Facility would provide emergency service that has been discontinued by two other providers.
Kyle Centre
Kyle Centre has been in need of major repairs since 2013. Now Port Moody is considering using it for a warming shelter pilot program.

Port Moody’s Kyle Centre could become a warming shelter for homeless people looking to get out of the cold winter weather.

In a report to be presented to council on Tuesday, Ron Higo, the city’s acting general manager of community services, said the 42-year-old facility has been identified by staff as the most suitable location for a pilot program to run from January to March 2021.

Higo’s report said the Kyle Centre is close to transit routes, has a large interior space and kitchen to allow for physical distancing as well as multiple bathrooms. It’s also close to Eagle Ridge Hospital, is equipped with chairs and tables, and is already regularly maintained by staff. 

Higo said the warming centre would be able to host a maximum of eight people between the hours of 9 a.m. and 7 p.m. It would be operational when temperatures reach 0°C, when rainfall makes it difficult for people living outside to stay dry, or when there are high winds.

Higo said the pilot project would cost $43,941, based upon 60 days of occupancy, including the cost of food like pre-made sandwiches and non-perishable snacks such as granola bars and hot chocolate. More than half the budget — $31,500 — would pay for two shelter workers and a part-time administrator.

In his report, Higo admitted daytime art classes that currently use the centre would have to close when it’s being used as a warming shelter. 

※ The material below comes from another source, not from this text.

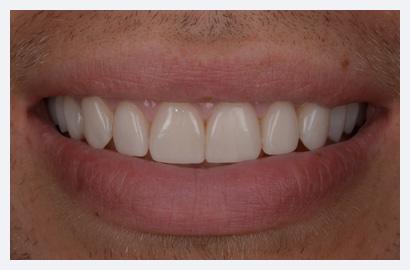 Veneers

“Last-minute closure of Kyle Centre to these programs will have a negative impact upon their revenue and customer satisfaction,” he said.

Higo said COVID-19 restrictions have made it difficult for existing warming shelters in the Tri-Cities to operate. Hope for Freedom closed its program because it couldn’t abide to physical distancing requirements; an overflow shelter operated by Trinity Church in Port Coquitlam also closed out of concern it couldn’t handle a potential increase in demand.

“There is currently no daytime warming shelter program offered for homeless community members in the Tri-Cities,” Higo said, adding other options were considered like converting event tents already owned by the city. 

But tents pose a fire risk, he said.

In October, a developer seeking to build a six-storey rental complex across the street from Kyle Centre pitched a proposal to refurbish the structure in exchange for consideration of a project larger than the planned 148 units in the project. The centre has been in need of major repairs as far back as 2013, and protective tarps cover much of its roof.